Выглядело все примерно так: вот я стою на остановке, жду машину, которая отвезет нас всех на игру, и потягиваю холодное вино, а в следующий момент оказываюсь на заднем сиденье школьного автобуса – уже по дороге домой после игры – и разговариваю с каким-то незнакомым парнем, который тоже явно чем-то закинулся. Помню, как он на полном серьезе уверял меня, что девственность – «возобновляемая опция», что через пять лет она восстанавливается. Потом этот парень стал священником, и я часто шутила: мол, такая «осведомленность» для католического батюшки – в порядке вещей.
В Джорджтауне, студентов которого готовили к дипломатической службе, веяния шестидесятых аккуратно игнорировались. Никакого узелкового батика и дредов. Никаких вареных джинсов. Вместо всего этого мы носили коктейльные платья и учились вести вежливые застольные беседы. У нас не было такого понятия, как «пустые разговоры», только «пустые головы». Меня учили поддерживать диалог с кем угодно о чем угодно. В дополнение к беседам обычно шли коктейли, и я быстро переключилась на них с вина, разведенного содовой. Любимым моим напитком стал скотч – виски J&B со льдом. Третий бокал обычно ударял в голову, словно духовное прозрение, накрывая меня волной благожелательности и доброты. Под действием J&B мир становился дружелюбным и жутко интересным. Люди, впрочем, тоже. Говорят, алкоголь разрушает все внутренние запреты человека – и так оно и есть. Пьяной я радостно рассталась с девственностью – с высоким и красивым молодым актером. Пьяной я чувствовала себя той самой роковой женщиной, которой так стремилась стать. С бокалом скотча в руке я становилась космополиткой, гражданином мира. Секс стал возможным, даже ожидаемым – вот так фокус для примерной католички. Как раз и противозачаточные таблетки появились. Помню, что первый рецепт на них я получила с помощью одного весьма практичного священника-иезуита: он прекрасно понял мою проблему и решил, что таблетки – это все-таки лучше, чем нежелательная беременность. Да благословит Господь иезуитов и их «ситуативную этику»!

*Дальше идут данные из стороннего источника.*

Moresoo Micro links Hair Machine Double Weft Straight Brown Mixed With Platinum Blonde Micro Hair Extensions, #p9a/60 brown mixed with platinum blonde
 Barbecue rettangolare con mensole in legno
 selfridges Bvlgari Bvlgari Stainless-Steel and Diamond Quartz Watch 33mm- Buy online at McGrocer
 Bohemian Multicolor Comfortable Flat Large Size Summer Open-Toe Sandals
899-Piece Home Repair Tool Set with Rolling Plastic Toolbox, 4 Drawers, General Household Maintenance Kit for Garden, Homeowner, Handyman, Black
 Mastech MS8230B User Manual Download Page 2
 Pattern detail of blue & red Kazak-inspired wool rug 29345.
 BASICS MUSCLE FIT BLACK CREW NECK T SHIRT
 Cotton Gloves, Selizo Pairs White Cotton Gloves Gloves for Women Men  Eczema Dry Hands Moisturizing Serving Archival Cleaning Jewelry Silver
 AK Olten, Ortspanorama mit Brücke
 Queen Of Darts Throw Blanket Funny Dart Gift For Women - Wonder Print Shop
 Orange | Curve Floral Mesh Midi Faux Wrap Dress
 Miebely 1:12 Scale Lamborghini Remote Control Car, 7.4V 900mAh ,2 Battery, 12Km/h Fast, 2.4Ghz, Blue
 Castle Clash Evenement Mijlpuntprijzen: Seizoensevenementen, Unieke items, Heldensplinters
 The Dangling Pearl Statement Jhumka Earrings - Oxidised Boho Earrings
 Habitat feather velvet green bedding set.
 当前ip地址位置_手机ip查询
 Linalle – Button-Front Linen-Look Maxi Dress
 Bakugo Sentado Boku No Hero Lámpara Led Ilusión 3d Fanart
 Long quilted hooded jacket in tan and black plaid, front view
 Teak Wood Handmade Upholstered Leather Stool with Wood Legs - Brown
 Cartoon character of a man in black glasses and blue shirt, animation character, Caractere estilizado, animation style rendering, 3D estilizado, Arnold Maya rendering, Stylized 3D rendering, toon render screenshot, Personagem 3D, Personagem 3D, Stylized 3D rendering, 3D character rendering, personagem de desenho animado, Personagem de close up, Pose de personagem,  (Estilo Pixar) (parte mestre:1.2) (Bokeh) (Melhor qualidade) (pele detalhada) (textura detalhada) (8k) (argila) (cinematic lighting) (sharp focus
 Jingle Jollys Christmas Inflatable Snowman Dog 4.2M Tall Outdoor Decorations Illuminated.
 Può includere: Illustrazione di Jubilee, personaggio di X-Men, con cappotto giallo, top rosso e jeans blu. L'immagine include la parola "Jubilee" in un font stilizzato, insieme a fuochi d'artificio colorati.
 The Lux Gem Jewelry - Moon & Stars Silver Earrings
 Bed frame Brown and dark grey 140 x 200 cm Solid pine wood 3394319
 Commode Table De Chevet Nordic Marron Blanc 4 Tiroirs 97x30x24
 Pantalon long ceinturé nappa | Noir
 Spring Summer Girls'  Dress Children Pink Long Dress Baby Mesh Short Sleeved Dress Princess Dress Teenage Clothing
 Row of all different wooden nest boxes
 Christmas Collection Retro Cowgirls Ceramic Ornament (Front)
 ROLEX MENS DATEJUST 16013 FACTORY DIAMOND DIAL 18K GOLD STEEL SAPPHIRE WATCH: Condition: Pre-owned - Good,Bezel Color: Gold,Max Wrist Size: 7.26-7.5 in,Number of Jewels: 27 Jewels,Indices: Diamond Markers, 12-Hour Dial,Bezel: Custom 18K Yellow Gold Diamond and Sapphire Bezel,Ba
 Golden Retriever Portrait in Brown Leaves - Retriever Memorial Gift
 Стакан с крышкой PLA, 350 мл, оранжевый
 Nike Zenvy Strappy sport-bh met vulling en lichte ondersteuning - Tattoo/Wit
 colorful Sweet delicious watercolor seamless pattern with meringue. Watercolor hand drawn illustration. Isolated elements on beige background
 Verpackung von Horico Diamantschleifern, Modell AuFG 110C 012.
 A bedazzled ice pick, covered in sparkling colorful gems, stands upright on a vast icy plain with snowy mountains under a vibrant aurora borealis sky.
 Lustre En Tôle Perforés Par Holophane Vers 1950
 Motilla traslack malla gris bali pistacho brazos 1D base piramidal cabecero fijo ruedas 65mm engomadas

Я входила в университетскую театральную труппу «Маски и шуты». Это было сборище недотеп и белых ворон, зачитывавшихся Эдвардом Олби и Гарольдом Пинтером. Под пристальным надзором профессора Донна Мёрфи я ежегодно исполняла канкан в самой середине других танцовщиц на традиционном университетском мюзикле – который мы придумывали сами. Неприличные костюмы, еще более неприличные тексты песен… Наплевав на консервативно-иезуитское воспитание, мы ставили даже такие пьесы, как «Марат/Сад». Именно в «Масках и шутах» я познакомилась с Джеком Хофсиссом – будущим режиссером и лауреатом премии «Тони» за легендарную постановку на Бродвее пьесы «Человек-слон», а тогда – всего лишь долговязым нескладным парнем. Именно в «Масках и шутах» я стала другом и доверенным лицом Трея Монга – позже он прославился как режиссер гей-порнографии под псевдонимом Кристофер Рейдж.